#### SUPPLIED MATERIAL
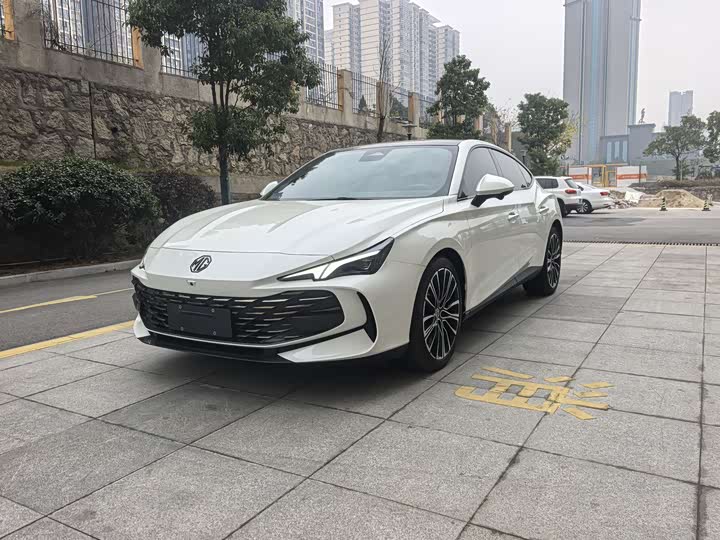 Фото 1 - MG Motor 7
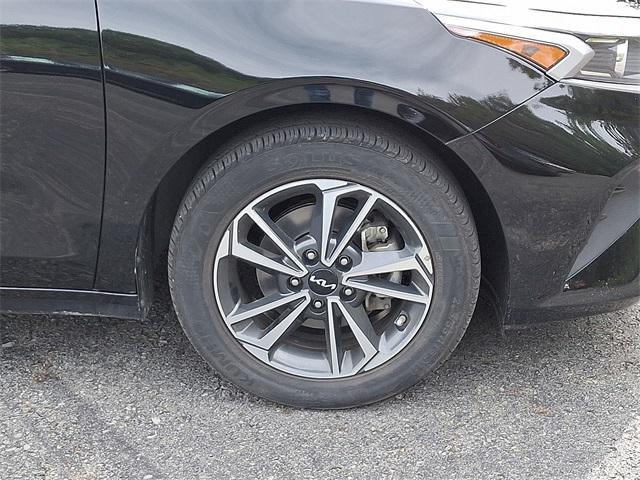 used 2023 Kia Forte car, priced at $19,210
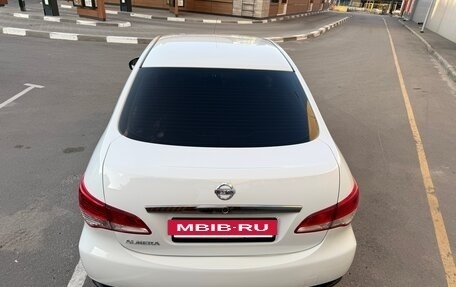 Nissan Almera, 2014 год, 750 000 рублей, 13 фотография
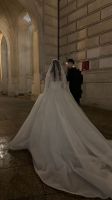 Hochzeitskleid Brautkleid - wie Neu ! West - Schwanheim Vorschau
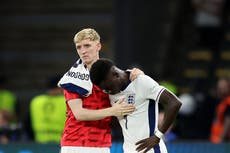 England v Spain LIVE: Result as Three Lions suffer heartbreak after late goal in Euro 2024 final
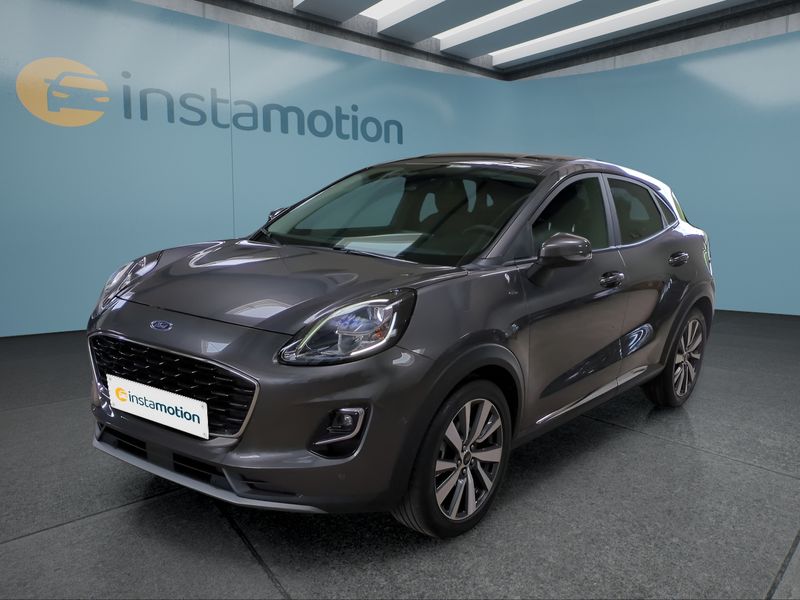 Ford Puma 1.5 EcoBlue
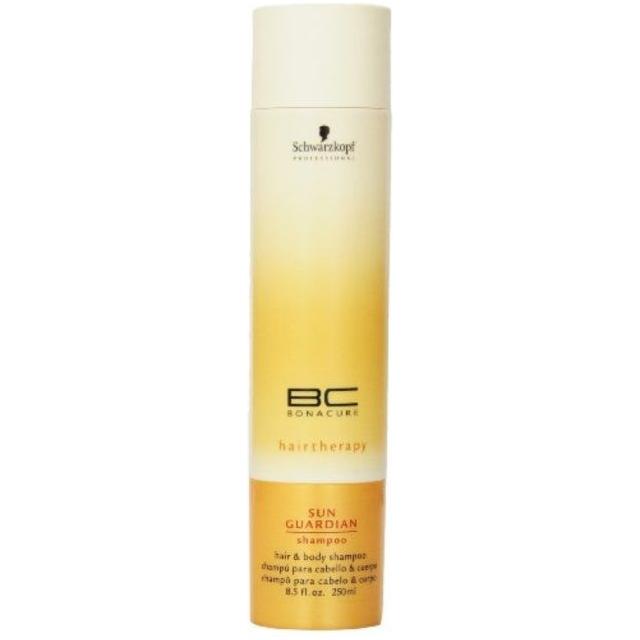 Schwarzkopf Schwarzkopf BC Bonacure Sun Guardian Shampoo 8.5 oz Shampoo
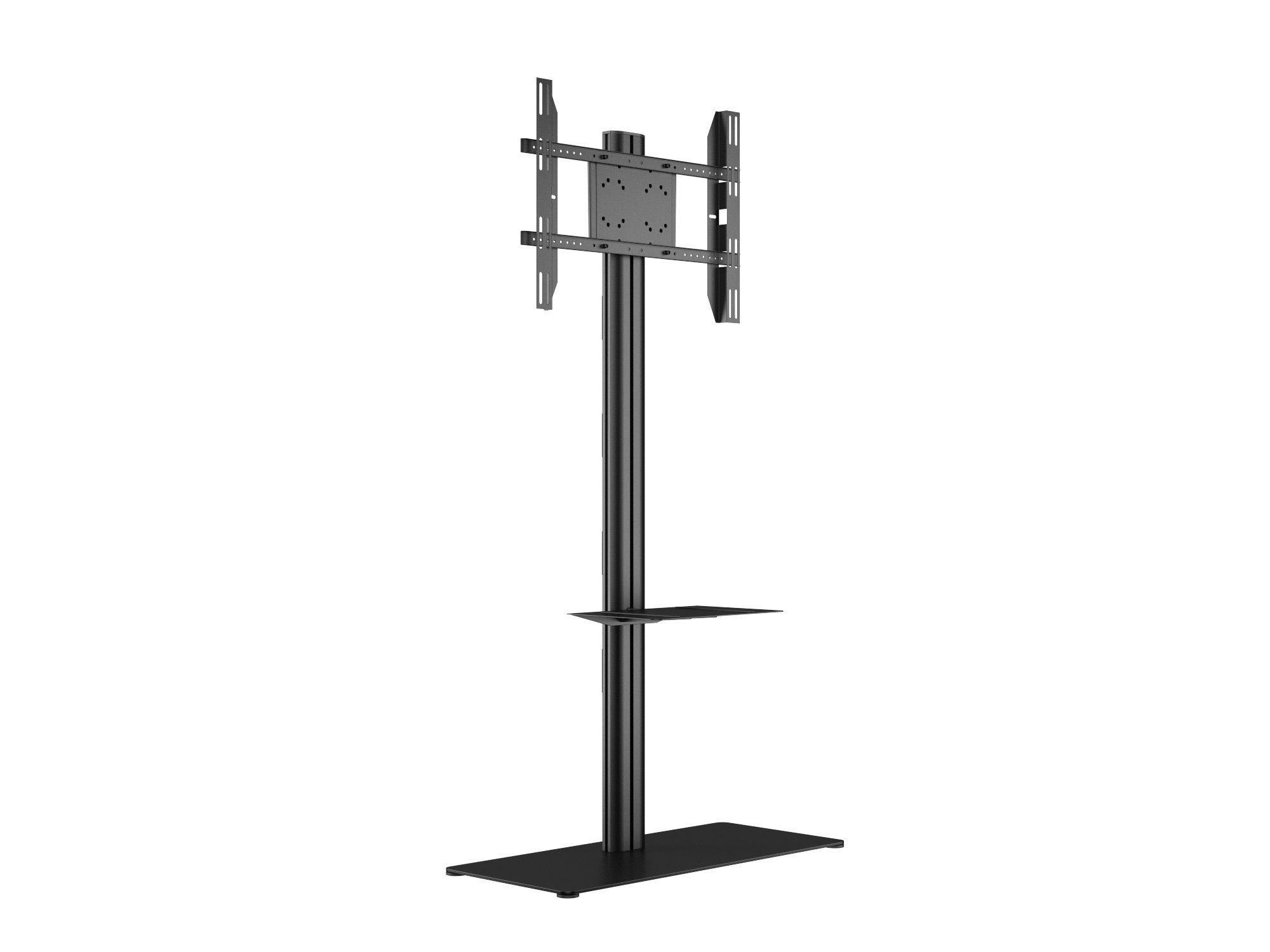 Multibrackets 6862 Supporto TV a parete 1651 cm (65") Nero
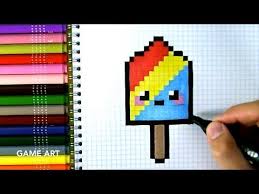 Epingle Par Pamee Garcia Aramburo Sur Dibujos Pixel Art Dessin Pixel Pixel Art Facile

#### EXERCISE
Every line from the one containing "Ford Puma 1.5 EcoBlue" through the end of the entries above is to be copied exactly; pictures are to be left out.

#### YOUR SOLUTION
 Ford Puma 1.5 EcoBlue
 Schwarzkopf Schwarzkopf BC Bonacure Sun Guardian Shampoo 8.5 oz Shampoo
 Multibrackets 6862 Supporto TV a parete 1651 cm (65") Nero
 Epingle Par Pamee Garcia Aramburo Sur Dibujos Pixel Art Dessin Pixel Pixel Art Facile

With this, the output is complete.